He is two and a half years old, has limited vision, and uses cochlear implants. His dexterity is limited, and until recently he spent a lot of time on his back on the floor. For him it was literally hard to see what toys were for, let alone work them and find out what they do.

The Run, Walk and Roll event is for children like Chase. Last year’s proceeds went toward equipment like the specialized Tumble Form chair that helps Chase sit up and interact with his family. It paid for adapted switch toys that Chase and other children can operate. These devices make a difference for the Reed family and other families in Northern Utah.

This year, the Center for Persons with Disabilities’ Up to 3 program is hosting a repeat of the event to provide more devices to more families. (Its theme: Everybody is a superhero!) Technology, both high- and low-tech, can make a real difference for youngsters with disabilities, but it’s often expensive. Tumble Forms can cost hundreds of dollars, but they provide much better support than a car seat, the sitting angle can be adjusted, and in one, children who have trouble sitting on their own are in a much better position to use their hands. Those benefits add up to a big boost in development.

“Chase has no trunk support,” said Chase’s mother, Maria. “He loves being in the chair. He likes to sit up.”

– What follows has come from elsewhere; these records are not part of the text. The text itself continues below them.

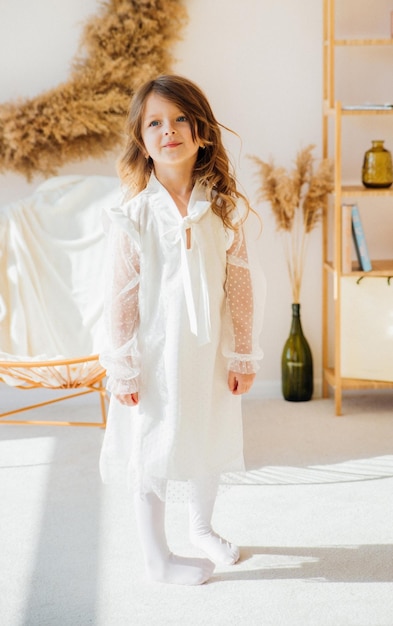 Una linda niña con un hermoso vestido está bailando en una habitación luminosa y soleada. La luz del sol cae desde la ventana.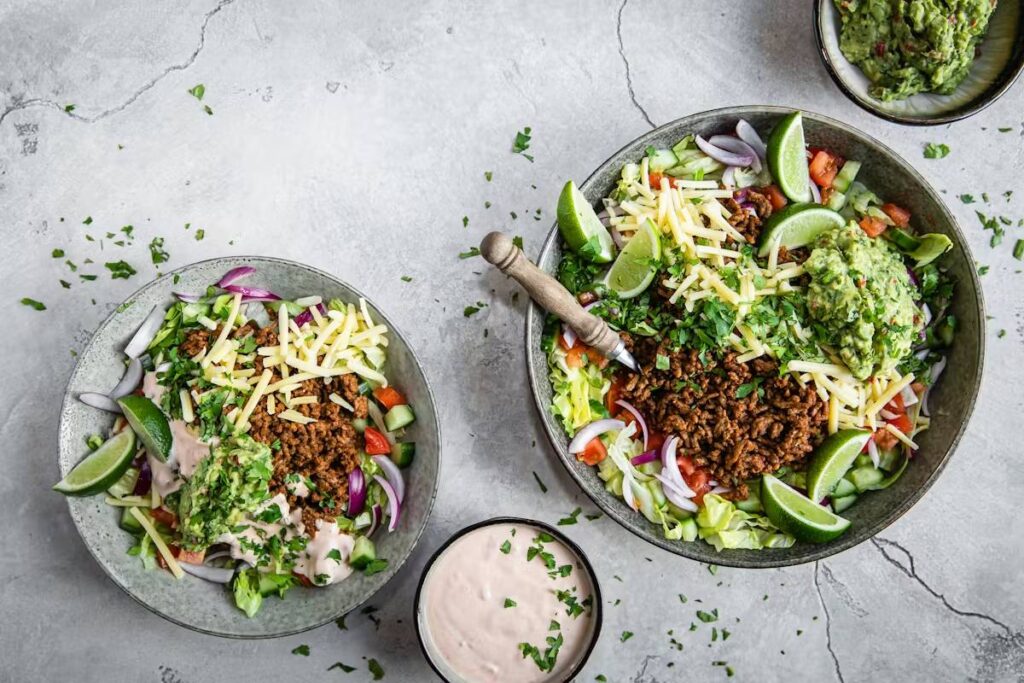 Two vibrant salad bowls filled with seasoned meat, cheese, fresh veggies, guacamole, and lime wedges, accompanied by a creamy dip.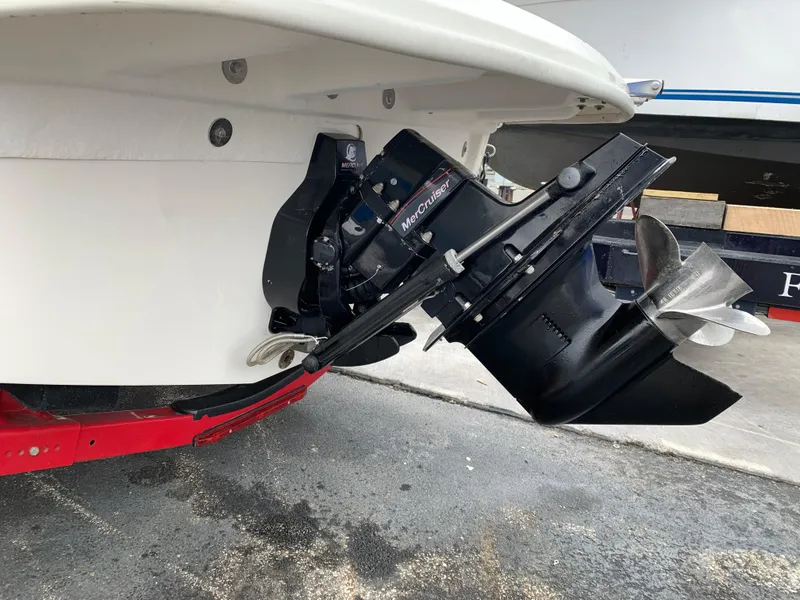 Slide: The Image of 2013 Sea Ray 190 Sport boat with MerCruiser outdrive, shown on a red trailer. - 8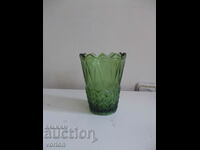 Old green glass vase.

Up to 3’s Amy Henningsen added a custom-made tray so he could play with toys, and that’s where Chase’s younger brother, Jordan, brings things to show him. Before, Maria said, if she wanted to introduce a book or toy to Chase, she needed to hold him in one hand and the toy in the other. The Tumble Form makes that interaction easier, and it’s getting results. Chase used to ignore toys, but he’s paying more attention to them now, and learning that when he presses a button, the dog barks.

Understanding cause and effect lays the groundwork for more development. It helps children learn that their actions can make things happen; push a switch and a toy dog barks; ask for a drink of water and Mom brings one over.

“You can see how something like that plays a part in communication,” said Marla Nef, the Up to 3 coordinator. In working with children, she has seen the moment when children realize that when they do something, they get something back. “You can see when that light turns on. It’s a powerful concept.”

This year’s Run, Walk and Roll is on Saturday, June 24 at Elk Ridge Park, and it features a 10K, 5K and one-mile walk, plus fun family activities. To find out more, visit the Up to 3 website and Facebook event page. Come dressed as your favorite superhero or rock star!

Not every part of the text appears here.